Nobody interviews candidates for SRE or ops nowadays without asking some coding questions. You don’t have to be the greatest programmer in the world, but you can’t be functionally illiterate. The reverse is less common: asking software engineers basic, stupid questions about the lifecycle of their code, instrumentation best practices, etc.

It’s common practice at lots of companies now to have a software engineer in the loop for hiring SREs to evaluate their coding abilities. It should be just as common to have an ops engineer in the loop for a SWE hire, especially for any SWE who is being considered for a key senior position. Those are the people you most rely on to be mentors and role models for junior hires. All engineers should embrace the ethos of owning their code in production, and nobody should be promoted or hired into a senior role if they don’t.

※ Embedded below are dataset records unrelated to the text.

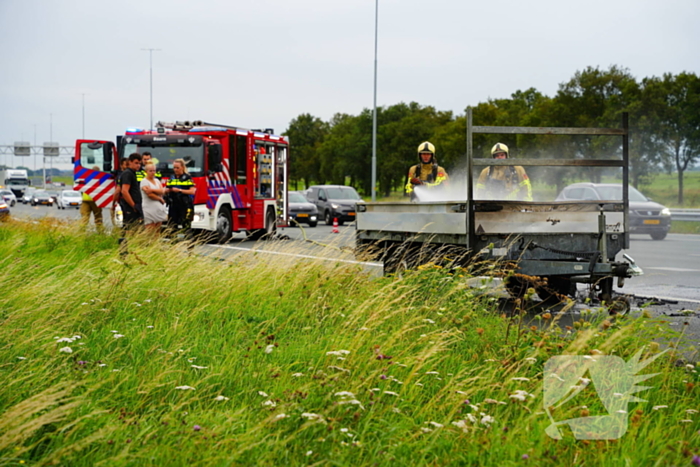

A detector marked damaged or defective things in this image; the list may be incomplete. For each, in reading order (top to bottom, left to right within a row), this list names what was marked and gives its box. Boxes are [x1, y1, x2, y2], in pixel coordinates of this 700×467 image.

burned trailer [356, 111, 640, 306] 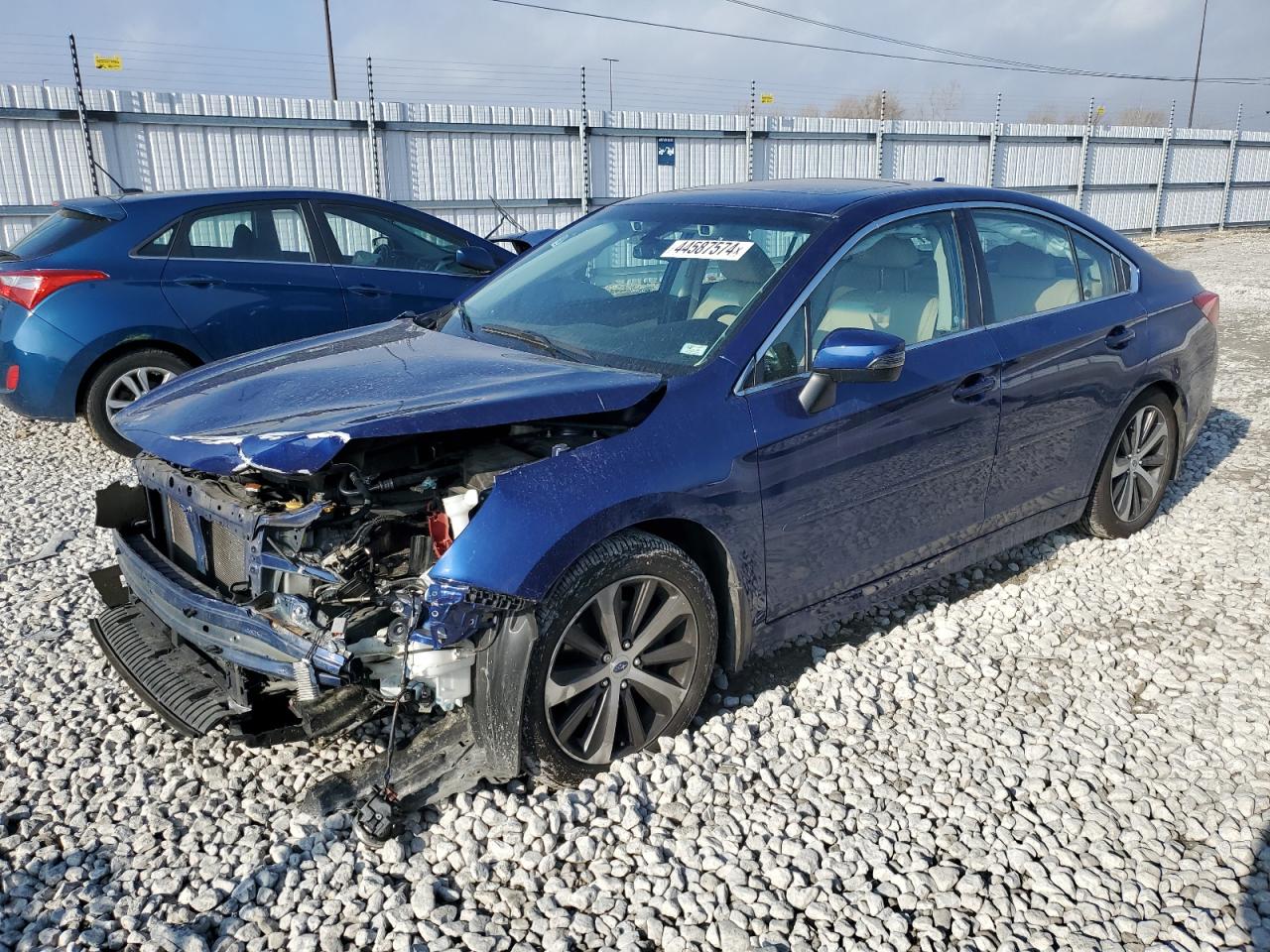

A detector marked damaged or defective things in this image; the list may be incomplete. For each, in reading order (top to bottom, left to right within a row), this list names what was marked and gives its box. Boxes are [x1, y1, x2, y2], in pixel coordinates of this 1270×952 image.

damaged blue car [89, 178, 1218, 832] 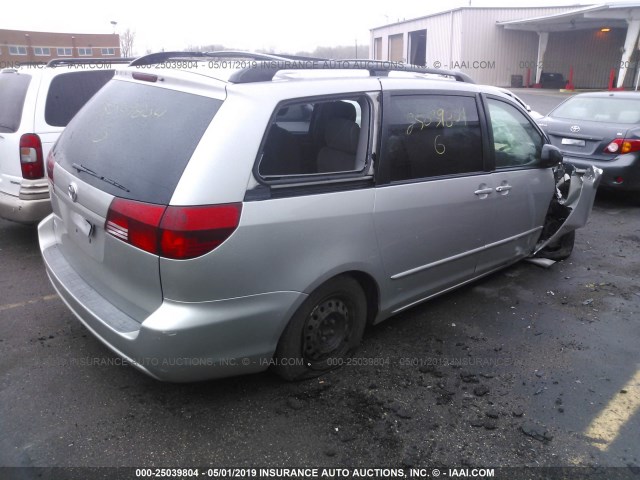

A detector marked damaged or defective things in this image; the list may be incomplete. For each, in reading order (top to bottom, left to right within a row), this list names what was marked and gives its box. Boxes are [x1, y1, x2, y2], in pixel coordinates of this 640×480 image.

damaged minivan side [40, 53, 600, 382] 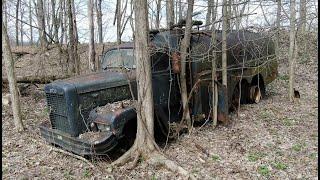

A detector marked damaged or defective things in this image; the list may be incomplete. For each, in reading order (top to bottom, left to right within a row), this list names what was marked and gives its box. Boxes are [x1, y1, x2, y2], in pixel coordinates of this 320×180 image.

abandoned truck [38, 28, 278, 155] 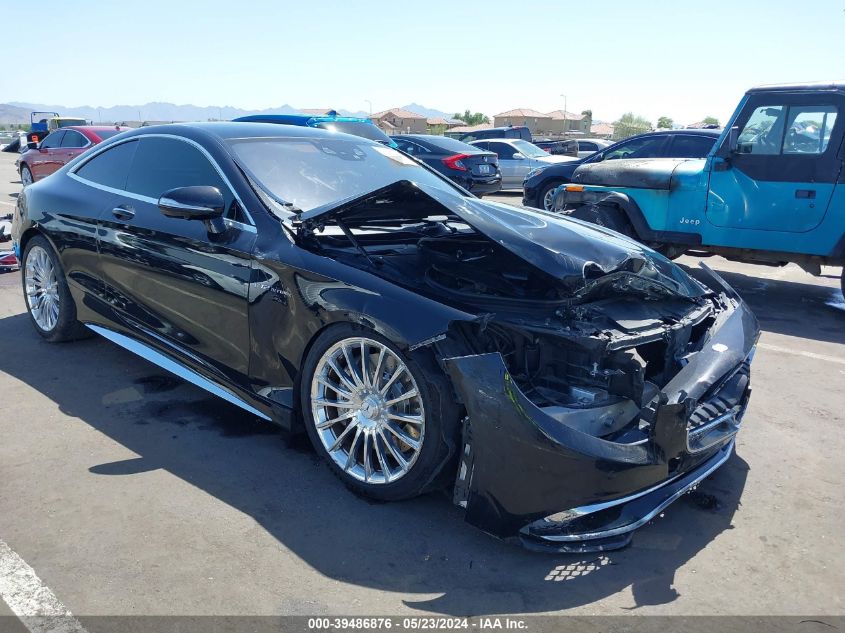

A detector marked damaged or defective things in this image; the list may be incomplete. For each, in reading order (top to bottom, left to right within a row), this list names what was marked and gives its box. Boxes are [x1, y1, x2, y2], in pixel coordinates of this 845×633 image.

crumpled hood [572, 157, 692, 189]
crumpled hood [296, 179, 704, 300]
damaged front bumper [442, 264, 760, 552] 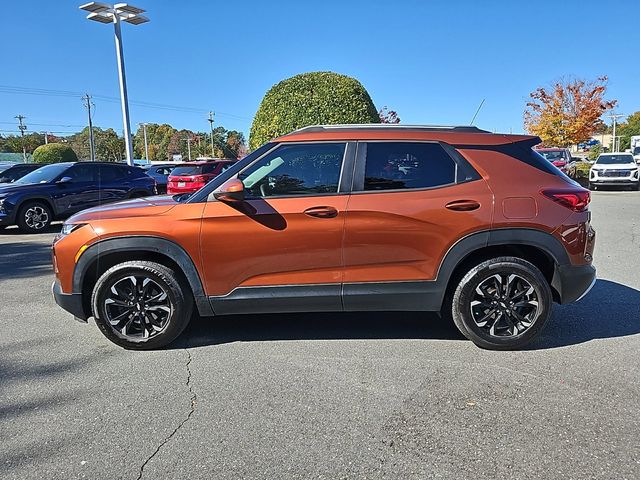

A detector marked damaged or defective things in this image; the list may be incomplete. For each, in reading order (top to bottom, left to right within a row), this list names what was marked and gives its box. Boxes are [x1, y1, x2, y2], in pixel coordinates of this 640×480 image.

pavement crack [139, 348, 199, 480] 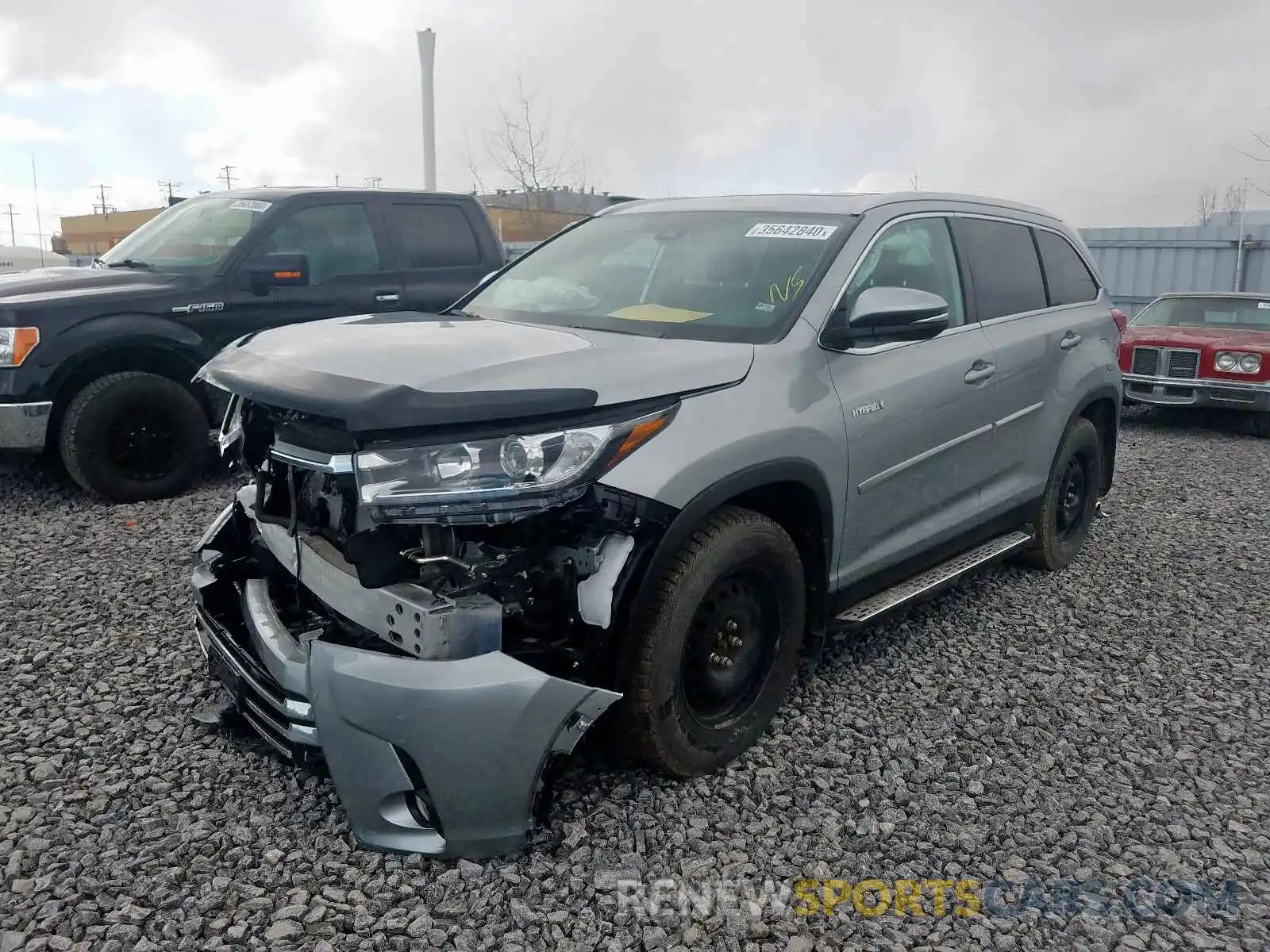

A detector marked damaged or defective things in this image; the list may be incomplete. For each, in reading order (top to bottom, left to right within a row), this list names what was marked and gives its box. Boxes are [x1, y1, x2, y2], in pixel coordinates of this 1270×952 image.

And yes, that means all engineers! Even your iOS/Android engineers and website developers should be interested in what happens to their code after they hit deploy. They should care about things like instrumentation, and what kind of data they may need later to debug their problems, and how their features may impact other infrastructure components.

You need to balance out your software engineers with engineers who don’t react to every problem by writing more code. You need engineers who write code begrudgingly, as a last resort. You’ll find these priceless gems in ops and SRE.

ops questions for software engineers

The best questions are broad and start off easy, with plenty of reasonable answers and pathways to explore. Even beginners can give a reasonable answer, while experts can go on talking for hours.

For example: give them the specs for a new feature, and ask them to talk through the infrastructure choices and dependencies to support that feature. Do they ask about things like which languages, databases, and frameworks are already supported by the team? Do they understand what kind of monitoring and observability tools to use, do they ask about local instrumentation best practices?

Or design a full deployment pipeline together. Probe what they know about generating artifacts, versioning, rollbacks, branching vs master, canarying, rolling restarts, green/blue deploys, etc. How might they design a deploy tool? Talk through the tradeoffs.

Some other good starting points:

“Tell me about the last time you caused a production outage. What happened, how did you find out, how was it resolved, and what did you learn?”
“What are some of your favorite tools for visibility, instrumentation, and debugging?
“Latency seems to have doubled over the last 6 hours. Where do you start looking, how do you start debugging?”
And this chestnut: “What happens when you type ‘google.com’ into a web browser?” You would be fucking *astonished* how many senior software engineers don’t know a thing about DNS, HTTP, SSL/TLS, cookies, TCP/IP, routing, load balancers, web servers, proxies, and on and on.

Another question I really like is: “what’s your favorite API (or database, or language) and why?” followed up by “… and what are the worst things about it?” (True love doesn’t mean blind worship.)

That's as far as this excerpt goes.